A controversa justificativa do doutor Nagai parecia satisfatória a alguém desejando superar a tragédia sem deixar apagar a chama da fé. Mas… E Deus? Ele teria oferecido alguma resposta satisfatória a esse massacre? Ao contrário do que muitos se atrevem a dizer, Ele não permaneceu em silêncio. Para ouvir a resposta de Deus, devemos seguir no encalço de um soldado que, ao retornar da guerra, visitou as ruínas da catedral de sua infância e adolescência. Além de soldado, Kaemon Naguchi exercia um ofício pouco comum em sua terra natal: era sacerdote católico.
Enquanto vasculhava os escombros da catedral de Urakami em busca de algum souvenir palpável, uma forte lembrança lhe vinha à mente. Era a última prece feita ali, ainda menino, diante da escultura da Imaculada Conceição, no altar principal. Medindo dois metros, aquela magnífica obra de arte havia sido inspirada em uma pintura do espanhol Bartolemé Esteban Murillo e tinha chegado da Itália na década de 1930: “Querida Nossa Senhora (…) esta pode ser a última oração que eu lhe ofereço nesta catedral. Mas onde quer que eu esteja, que sua proteção e orientação estejam comigo como sempre."
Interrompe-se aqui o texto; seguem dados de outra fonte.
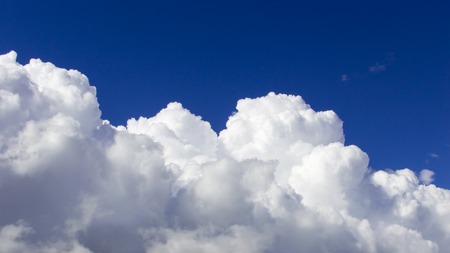 A big and fluffy cumulonimbus cloud in the blue sky.の写真素材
Décadas após aquela prece, Naguchi remexia desesperadamente as ruínas desoladoras da catedral de seus primeiros anos em busca de um sinal divino, um milagre, uma resposta do Alto... Ao cair em uma pedra, a busca finalmente parecia fadada ao fracasso. Resignado, ele passou a rezar silenciosamente. Quando menos esperava, algo atraiu sua atenção: “…vi o rosto santo da Virgem enegrecido pelo fogo, olhando para mim com um ar triste. Chorei de alegria. ‘Obrigado, Nossa Senhora. Obrigado!’” (4)
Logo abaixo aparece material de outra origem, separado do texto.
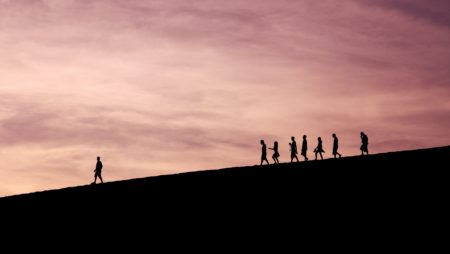 Figures on a mountain skyline follow a lone individual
Segundo um relato fidedigno, naquele momento os olhos de cristal da cabeça decepada e chamuscada ainda brilhavam. Nagushi carregou consigo o tesouro até a cela de seu mosteiro, a mais de 2500 quilômetros dali. Não consigo enxergar a delicada ação divina no céu encoberto do alvo principal, na rota do avião ou na mão criminosa que soltou a bomba. Mas sou capaz de enxergá-Lo claramente nos escombros da desolação humana. Embora, muitas vezes, Ele pareça alheio aos esforços de mãos cansadas, seus ouvidos estão sempre atentos às súplicas de lábios trêmulos. E Ele jamais deixa de buscar cada um de nós na mais degradante escuridão. Quando tudo parece mergulhado em morte, Deus nos oferece a verdadeira vida. Em 1945, enquanto milhares alcançavam os portões do paraíso, muitos dos que foram “reprovados no exame de admissão ao céu” redescobriam o significado sublime da Páscoa cristã.
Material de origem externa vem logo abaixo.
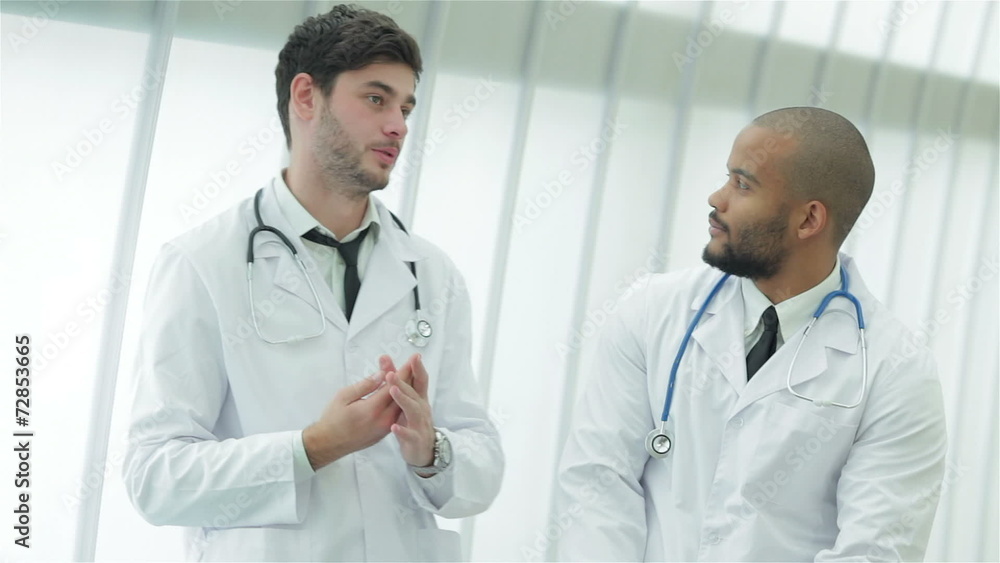 Two young doctors in medical gown lively debating Two young doctors in medical gown lively debating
Aquela cabeça decepada e chamuscada tornou-se um símbolo da paz, um emblema da luta pela abolição das armas nucleares. A Virgem Bombardeada, como foi rebatizada, visitou o papa Bento XVI, no Vaticano (5), e aterrissou em Nova York durante a conferência da ONU sobre desarmamento nuclear, em 2010 (6). Desde o outono de 2000, porém, na maior parte do tempo, ela pode ser encontrada em um pequeno altar, na entrada da catedral reconstruída de Nagasaki. E exatamente ali, a anfitriã inoportuna insiste em provocar os visitantes. Aos afortunados que ousam encará-la, seus olhos de cristal ainda brilham e arrancam lágrimas de alegria. Aquela cabeça chamuscada e decepada não é a sobra garimpada nos escombros de um dos atos mais violentos da história da humanidade. Ela é um sinal divino, um milagre… Ela é a resposta cortante de Deus a um mundo devastado pela miséria, tristeza, destruição e morte.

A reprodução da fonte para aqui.